Re: [PATCH v6] vfio error recovery: kernel support

Alex Williamson <alex.williamson@xxxxxxxxxx> · Fri, 24 Mar 2017 16:12:38 -0600

On Thu, 23 Mar 2017 17:07:31 +0800
Cao jin <caoj.fnst@xxxxxxxxxxxxxx> wrote:

A more appropriate patch subject would be:

vfio-pci: Report correctable errors and slot reset events to user

> From: "Michael S. Tsirkin" <mst@xxxxxxxxxx>

This hardly seems accurate anymore.  You could say Suggested-by and let
Michael add a sign-off, but it's changed since he sent it.

> 
> 0. What happens now (PCIE AER only)
>    Fatal errors cause a link reset. Non fatal errors don't.
>    All errors stop the QEMU guest eventually, but not immediately,
>    because it's detected and reported asynchronously.
>    Interrupts are forwarded as usual.
>    Correctable errors are not reported to user at all.
> 
>    Note:
>    PPC EEH is different, but this approach won't affect EEH. EEH treat
>    all errors as fatal ones in AER, so they will still be signalled to user
>    via the legacy eventfd.  Besides, all devices/functions in a PE belongs
>    to the same IOMMU group, so the slot_reset handler in this approach
>    won't affect EEH either.
> 
> 1. Correctable errors
>    Hardware can correct these errors without software intervention,
>    clear the error status is enough, this is what already done now.
>    No need to recover it, nothing changed, leave it as it is.
> 
> 2. Fatal errors
>    They will induce a link reset. This is troublesome when user is
>    a QEMU guest. This approach doesn't touch the existing mechanism.
> 
> 3. Non-fatal errors
>    Before this patch, they are signalled to user the same way as fatal ones.
>    With this patch, a new eventfd is introduced only for non-fatal error
>    notification. By splitting non-fatal ones out, it will benefit AER
>    recovery of a QEMU guest user.
> 
>    To maintain backwards compatibility with userspace, non-fatal errors
>    will continue to trigger via the existing error interrupt index if a
>    non-fatal signaling mechanism has not been registered.
> 
>    Note:
>    In case of PCI Express errors, kernel might request a slot reset
>    affecting our device (from our point of view this is a passive device
>    reset as opposed to an active one requested by vfio itself).
>    This might currently happen if a slot reset is requested by a driver
>    (other than vfio) bound to another device function in the same slot.
>    This will cause our device to lose its state so report this event to
>    userspace.

I tried to convey this in my last comments, I don't think this is an
appropriate commit log.  Lead with what is the problem you're trying to
fix and why, what is the benefit to the user, and how is the change
accomplished.  If you want to provide a State of Error Handling in
VFIO, append it after the main points of the commit log.

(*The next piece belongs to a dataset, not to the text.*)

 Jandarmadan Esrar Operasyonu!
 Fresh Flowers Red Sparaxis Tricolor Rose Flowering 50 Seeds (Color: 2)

I also asked in my previous comments to provide examples of errors that
might trigger correctable errors to the user, this comment seems to
have been missed.  In my experience, AERs generated during device
assignment are generally hardware faults or induced by bad guest
drivers.  These are cases where a single fatal error is an appropriate
and sufficient response.  We've scaled back this support to the point
where we're only improving the situation of correctable errors and I'm
not convinced this is worthwhile and we're not simply checking a box on
an ill-conceived marketing requirements document.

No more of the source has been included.